For over a year, I took her to weekly sessions at Rainbow Animal Assisted Therapy. It’s a wonderful program with extremely patient volunteers who bring their well-behaved dogs to interact with children like my granddaughter. Her fear did lessen to the point where she could walk a dog and brush its fur. If all dogs lived in a predictable environment like Rainbow, she would have made her peace with them. Unfortunately for her, the experiences at Rainbow did not carry over to dogs she saw in her everyday life. Those dogs barked, jumped, and didn’t sit quietly when she whispered, “Sit.”

Next, her mother arranged for sessions with a friend’s therapy dog, facilitated by a child behavioral therapist. That also fell flat as it was hard to coordinate the therapist’s and dog’s availability. So, we hired Susan, a wonderful dog trainer. My granddaughter did like Susan’s gentle 155-pound Leonberger, Sunny. That relationship helped a bit, but she soon discovered, once again, that most of the dogs she encountered out in the world were nothing like Sunny. They didn’t lie passively on the floor like Sunny did, inviting her to put her head on his immobile body. Tiny pups one tenth of Sunny’s size yipped, nipped, and slipped away from their owners. She could never anticipate what they might do. Unlike cats, dogs slobber all over you and crave interaction. The very qualities we dog-lovers admire terrified her.

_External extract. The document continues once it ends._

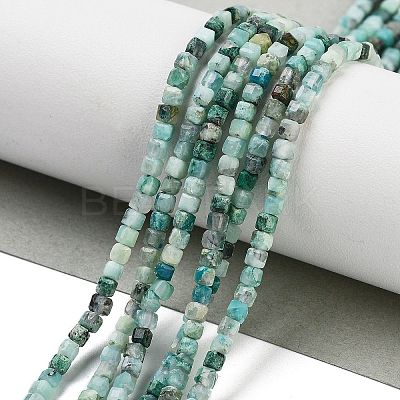 Natural Chrysocolla Beads Strands G-H042-B29-01-1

Many friends and relatives tried to accommodate my granddaughter’s fear by promising their dogs would be locked up when she visited their homes. But dogs are social creatures that cleverly escape confinement to join the crowd. Every time, the dog inevitably bounded into the room at some point. One very special surprise was finding a family member’s Rottweiler on top of the dining room table when we went in to eat. She had supposedly been locked upstairs in a bedroom. Incidents like that only reinforced her fear that dogs could appear at any time, regardless of what she had been told.

Her parents finally decided drastic measures were in order. They bit the bullet and Penny joined their family. They had Penny trained as a therapy dog, and she was indeed a wonderful pet. I can’t say my granddaughter loved her, but she did grow fond of her and accepted her as part of the family. And her anxiety level around other dogs, while not gone, was somewhat reduced. Still, when she unexpectedly encountered a dog, she panicked and ran. Both behaviors would excite the dog, producing exactly the response she feared.

I hope all of you dog-lovers out there will try to understand how hard we tried. Despite this, when you tie your dog outside a grocery store or the post office or a school (and to those of you who ignore the “no dogs” sign and bring your dog onto the school playground during school hours), you are being unfair to those who fear dogs. When you bring your dogs to a children’s park or playground, you disenfranchise some children who can no longer feel safe to play there. And when you let your dog run off-leash in public places … well, there are no words for you. That’s just plain wrong.

There are so many places off limits to my granddaughter because of her dog anxiety. Her family can’t stroll through outdoor art fairs or even walk along a nature path. They accept this. But just as my granddaughter would never go to a dog park expecting pooches that don’t like kids to leave, I think she and other children like her have the right to go to school or the grocery store or a park created for children without having to worry about sharing these places with dogs. I know your dog is different. Your dog is friendly and loves kids. But not all kids, or adults for that matter, love dogs. Can’t there be a few dog-free public spaces where a young girl can ride her bike or play or simply take a walk and feel safe?